BEGIN COLLECTED DATA

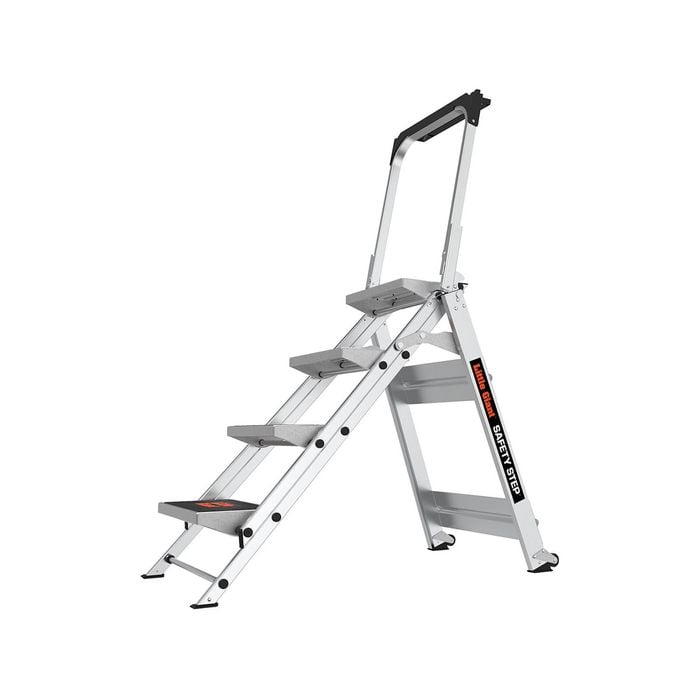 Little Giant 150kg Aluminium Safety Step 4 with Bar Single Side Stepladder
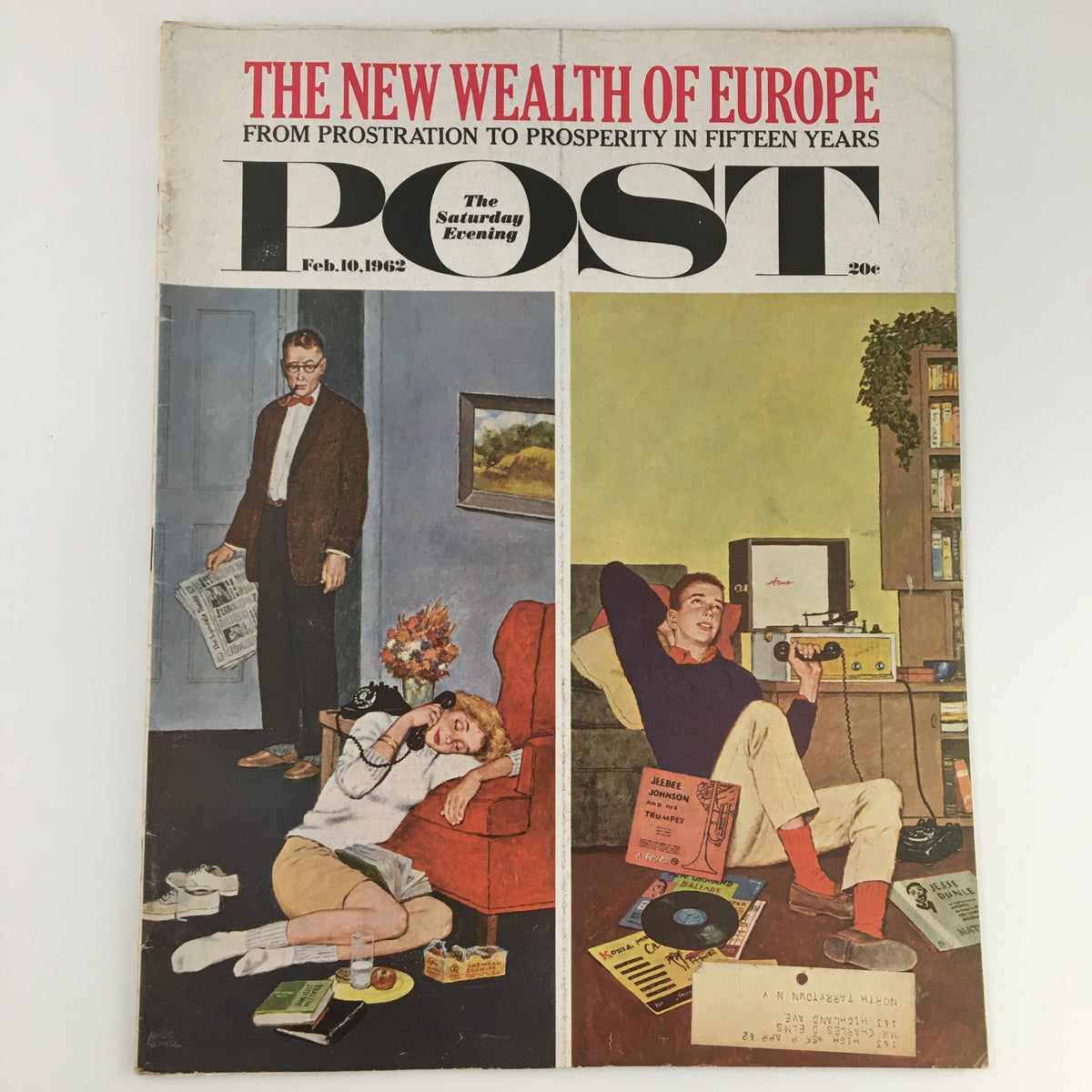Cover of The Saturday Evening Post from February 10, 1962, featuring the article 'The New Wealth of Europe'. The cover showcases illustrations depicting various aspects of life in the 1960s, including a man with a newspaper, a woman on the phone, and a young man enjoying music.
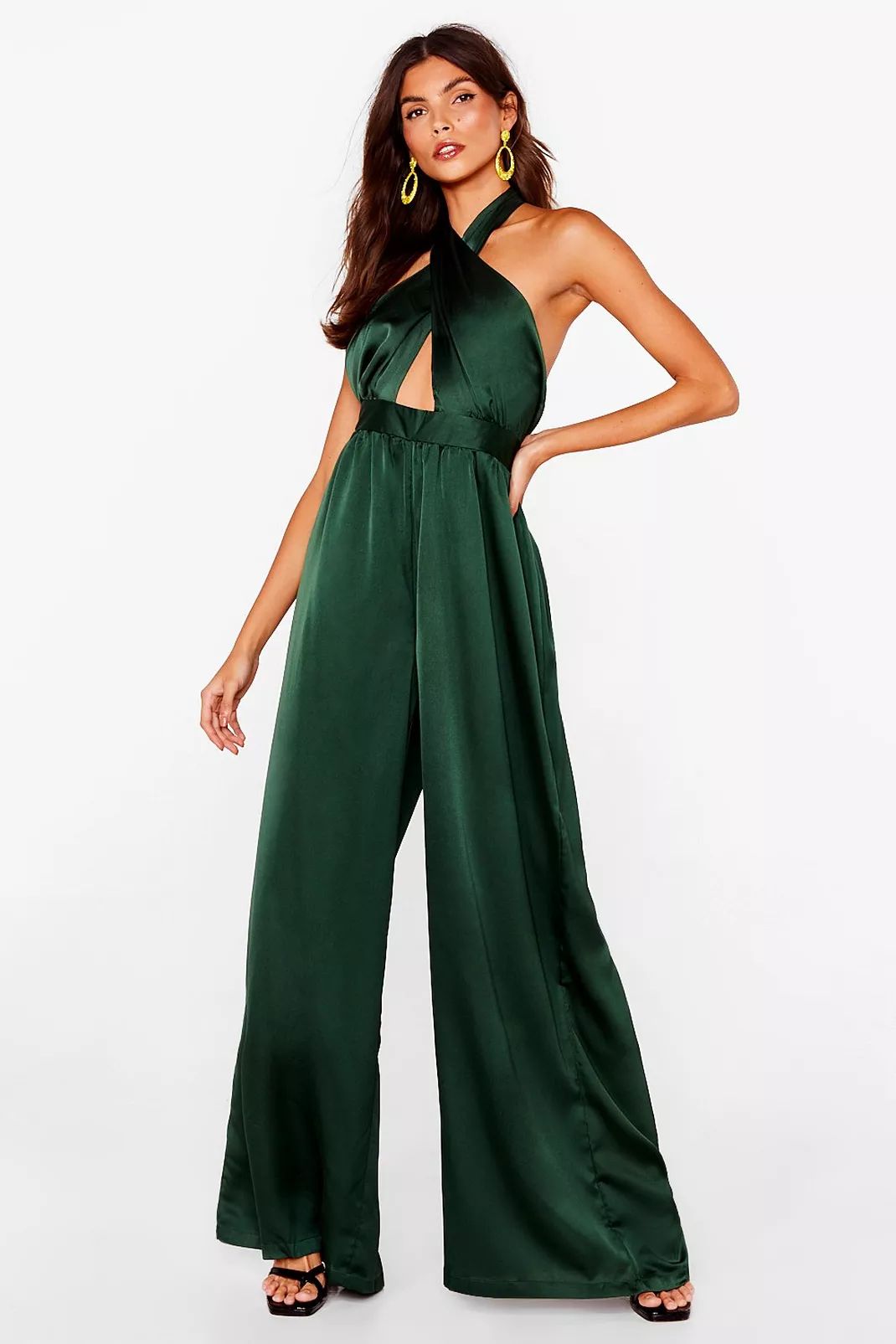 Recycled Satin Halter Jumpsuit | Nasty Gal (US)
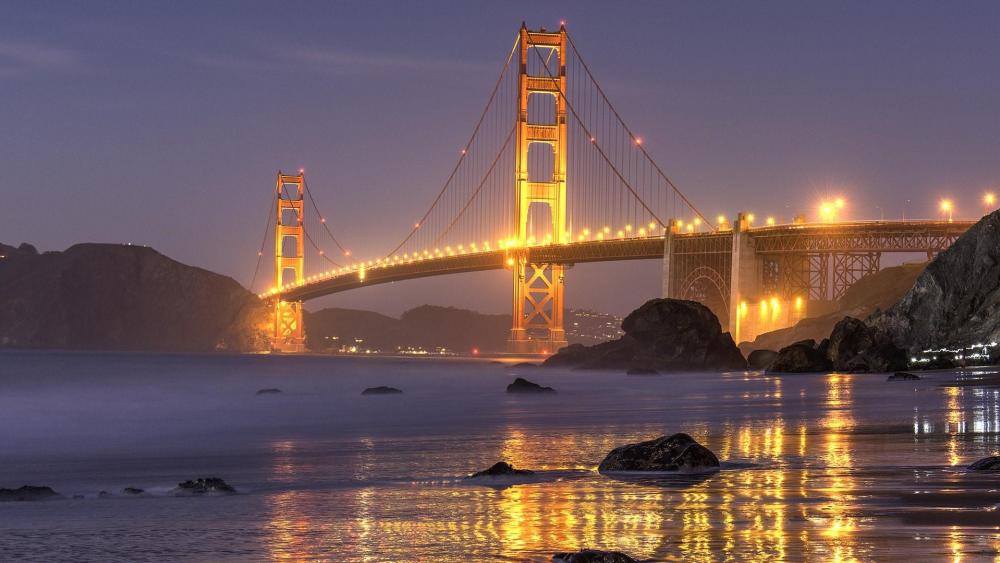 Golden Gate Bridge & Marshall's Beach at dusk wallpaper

END COLLECTED DATA

(WORK ITEM): Copy out every line of the data above, taking care to leave the pictures out.

(SOLUTION TO THIS PROBLEM):
 Little Giant 150kg Aluminium Safety Step 4 with Bar Single Side Stepladder
Cover of The Saturday Evening Post from February 10, 1962, featuring the article 'The New Wealth of Europe'. The cover showcases illustrations depicting various aspects of life in the 1960s, including a man with a newspaper, a woman on the phone, and a young man enjoying music.
 Recycled Satin Halter Jumpsuit | Nasty Gal (US)
 Golden Gate Bridge & Marshall's Beach at dusk wallpaper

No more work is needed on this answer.